Gas, rent, and food paid for by workers, not govt

Another major problem pointed out by a worker from the Konaseema district is how the Anganwadi workers are often compelled to use their salaries to run the centers out of their own pockets. “All teachers get paid Rs 11,500. In several cases, we end up paying to keep the centers afloat,” she remarked.

On average, several workers end up paying Rs 500 per month for a gas cylinder (even though the state government accounts for only Rs 125), Rs 300-400 worth of vegetables, and around Rs 200 for travel for various meetings and to collect ration. In a few select cases, workers told TNM that they have paid the rent for the Anganwadi centre which amounts to nearly Rs 1500. In essence, several workers end up returning home with Rs 2000 less than the proposed wages. 

“I can’t quit. I need the money. Salaries are invariably late. January’s salary reaches us in March. The reimbursement for all that we spend comes several months later,” added Sarojamma (45), a worker from the Annamayya district. 

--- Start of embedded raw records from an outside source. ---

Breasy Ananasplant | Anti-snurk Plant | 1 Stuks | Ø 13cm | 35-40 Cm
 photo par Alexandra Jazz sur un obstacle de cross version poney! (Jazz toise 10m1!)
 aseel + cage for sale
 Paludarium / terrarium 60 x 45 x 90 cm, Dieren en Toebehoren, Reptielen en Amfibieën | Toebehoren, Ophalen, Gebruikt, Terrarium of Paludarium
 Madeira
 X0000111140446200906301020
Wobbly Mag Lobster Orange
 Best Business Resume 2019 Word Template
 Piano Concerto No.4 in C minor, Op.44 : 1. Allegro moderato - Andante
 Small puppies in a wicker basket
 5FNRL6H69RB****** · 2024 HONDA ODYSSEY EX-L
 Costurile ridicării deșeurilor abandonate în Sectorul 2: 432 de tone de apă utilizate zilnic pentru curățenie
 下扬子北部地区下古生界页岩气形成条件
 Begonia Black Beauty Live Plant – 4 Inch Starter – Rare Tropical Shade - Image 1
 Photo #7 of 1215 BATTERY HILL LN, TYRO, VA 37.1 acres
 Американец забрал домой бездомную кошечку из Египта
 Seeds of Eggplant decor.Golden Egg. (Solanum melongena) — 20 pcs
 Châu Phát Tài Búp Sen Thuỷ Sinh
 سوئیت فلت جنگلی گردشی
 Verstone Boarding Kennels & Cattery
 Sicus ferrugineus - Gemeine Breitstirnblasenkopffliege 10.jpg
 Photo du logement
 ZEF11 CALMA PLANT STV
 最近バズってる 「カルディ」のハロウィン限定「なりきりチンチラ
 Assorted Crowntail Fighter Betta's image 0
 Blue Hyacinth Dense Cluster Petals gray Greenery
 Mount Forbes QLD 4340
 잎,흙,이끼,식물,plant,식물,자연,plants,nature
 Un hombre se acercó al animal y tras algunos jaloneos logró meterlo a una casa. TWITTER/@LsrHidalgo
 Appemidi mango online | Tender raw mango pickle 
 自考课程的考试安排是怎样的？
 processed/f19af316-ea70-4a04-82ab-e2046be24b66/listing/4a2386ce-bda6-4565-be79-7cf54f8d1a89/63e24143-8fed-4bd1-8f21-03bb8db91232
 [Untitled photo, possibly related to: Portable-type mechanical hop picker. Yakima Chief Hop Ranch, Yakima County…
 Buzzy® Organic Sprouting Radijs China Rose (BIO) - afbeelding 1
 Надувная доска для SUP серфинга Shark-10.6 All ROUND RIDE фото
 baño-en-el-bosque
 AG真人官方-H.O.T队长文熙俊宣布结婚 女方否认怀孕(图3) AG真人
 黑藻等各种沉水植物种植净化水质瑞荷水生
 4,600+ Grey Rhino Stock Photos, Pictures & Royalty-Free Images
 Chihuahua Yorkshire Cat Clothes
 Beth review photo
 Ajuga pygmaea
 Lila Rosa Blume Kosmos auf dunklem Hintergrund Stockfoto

Members of AITUC, CITU aiding in the protest.
Members of AITUC, CITU aiding in the protest.

Nagamaleshwaramma, member of All India Trade Union Congress (AITUC), Bapatla, remarked that despite several meetings with AP cabinet minister Botsa Satyanarayana, Special Chief Secretary KS Jawahar Reddy, state government adviser Sajjala Ramakrishna Reddy, and Minister for Women and Child Welfare Usha Sri Charan, they weren’t promised a hike. 

“They kept saying they would increase our salaries in July but refused to explain how much the increase would be. The government announced an increase of Rs 1, 20,000 for workers and Rs 40,000 for helpers as a retirement benefit from the existing amounts of Rs 50,000 and Rs 20,000. They also said that Rs 20,000 would be provided for our funeral services if needed, but were unwilling to comment on our salaries,” said Nagamaleshwaramma.

“The issues aren’t to say that things were better under the TDP. We got a salary hike of Rs 3500 because we protested back in 2017 against the TDP.  TDP, Jana Sena, Congress, and other parties pledged support, but they were unwilling to promise an increase in our salaries. Until they were certain we couldn’t be intimidated, YSRCP too was silent on the issue,” underlined Baby Rani. 

According to the official statement, agreeing to the demands of the protesting workers, the Andhra government said it would address all the 11 demands laid out by them. The government also agreed to increase their salaries after discussions with the Union government, and the increments are to be implemented from July 2024. 

Though the government has now agreed to their demands, the workers still remain wary. A worker from Vijayawada said that before becoming the CM, Jagan in a padayatra, promised that he would pay Rs 1000 more than the Telangana government did. “Telangana CM Revanth Reddy has ensured that workers get paid Rs 14,750 but Jagan went silent on his promise. We are prepared to protest again if the promise isn’t fulfilled,” she asserted.